Why do newline characters get lost when using command substitution?

102,687

Solution 1

The newlines were lost, because the shell had performed field splitting after command substitution.

In POSIX Command Substitution section:

The shell shall expand the command substitution by executing command in a subshell environment (see Shell Execution Environment) and replacing the command substitution (the text of command plus the enclosing "$()" or backquotes) with the standard output of the command, removing sequences of one or more characters at the end of the substitution. Embedded characters before the end of the output shall not be removed; however, they may be treated as field delimiters and eliminated during field splitting, depending on the value of IFS and quoting that is in effect. If the output contains any null bytes, the behavior is unspecified.

Default IFS value (at least in bash):

$ printf '%q\n' "$IFS"
$' \t\n'

In your case, you don't set IFS or using double quotes, so newlines character will be eliminated during field splitting.
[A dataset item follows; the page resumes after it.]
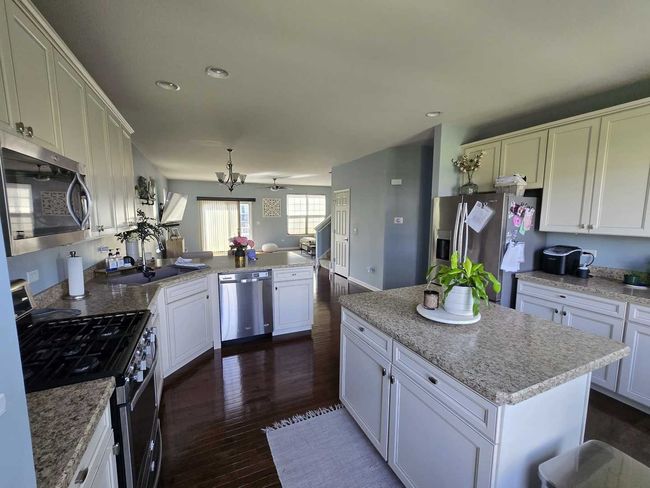 231 Lionel Dr, Townhouse with 3 bedrooms, 3 bathrooms and 2 parking in Grayslake IL | Image 6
You can preserve newlines, example by settingIFSto empty:

$ IFS=
$ a=$(cat links.txt)
$ echo "$a"
link1
link2
link3

Solution 2

Newlines get swapped out at some points because they are special characters. In order to keep them, you need to make sure they're always interpreted, by using quotes:

$ a="$(cat links.txt)"
$ echo "$a"
link1
link2
link3

Now, since I used quotes whenever I was manipulating the data, the newline characters (\n) always got interpreted by the shell, and therefore remained. If you forget to use them at some point, these special characters will be lost.

The very same behaviour will occur if you use your loop on lines containing spaces. For instance, given the following file...

mypath1/file with spaces.txt
mypath2/filewithoutspaces.txt

The output will depend on whether or not you use quotes:

$ for i in $(cat links.txt); do echo $i; done
mypath1/file
with
spaces.txt
mypath2/filewithoutspaces.txt

$ for i in "$(cat links.txt)"; do echo "$i"; done
mypath1/file with spaces.txt
mypath2/filewithoutspaces.txt

Now, if you don't want to use quotes, there is a special shell variable which can be used to change the shell field separator (IFS). If you set this separator to the newline character, you will get rid of most problems.

$ IFS=$'\n'; for i in $(cat links.txt); do echo $i; done
mypath1/file with spaces.txt
mypath2/filewithoutspaces.txt

For the sake of completeness, here is another example, which does not rely on command output substitution. After some time, I found out that this method was considered more reliable by most users due to the very behaviour of the read utility.

$ cat links.txt | while read i; do echo $i; done

Here is an excerpt from read's man page:

The read utility shall read a single line from standard input.

Since read gets its input line by line, you're sure it won't break whenever a space shows up. Just pass it the output of cat through a pipe, and it'll iterate over your lines just fine.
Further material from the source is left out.